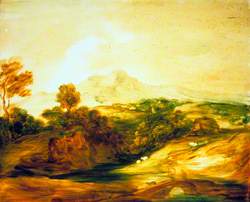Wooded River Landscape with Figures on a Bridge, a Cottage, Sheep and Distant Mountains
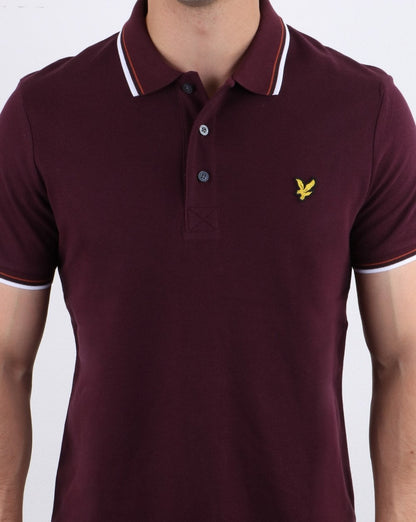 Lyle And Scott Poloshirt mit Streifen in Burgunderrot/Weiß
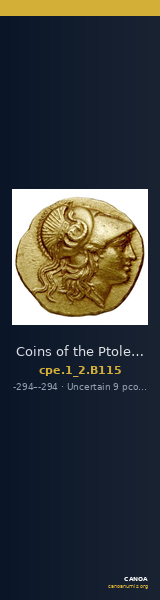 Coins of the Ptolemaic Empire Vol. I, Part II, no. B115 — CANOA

- Exercise aim
Each line from the one containing "Lyle And Scott" through the last line of the listing is to be given again exactly, with no pictures and no other lines.

- Exercise answer
 Lyle And Scott Poloshirt mit Streifen in Burgunderrot/Weiß
 Coins of the Ptolemaic Empire Vol. I, Part II, no. B115 — CANOA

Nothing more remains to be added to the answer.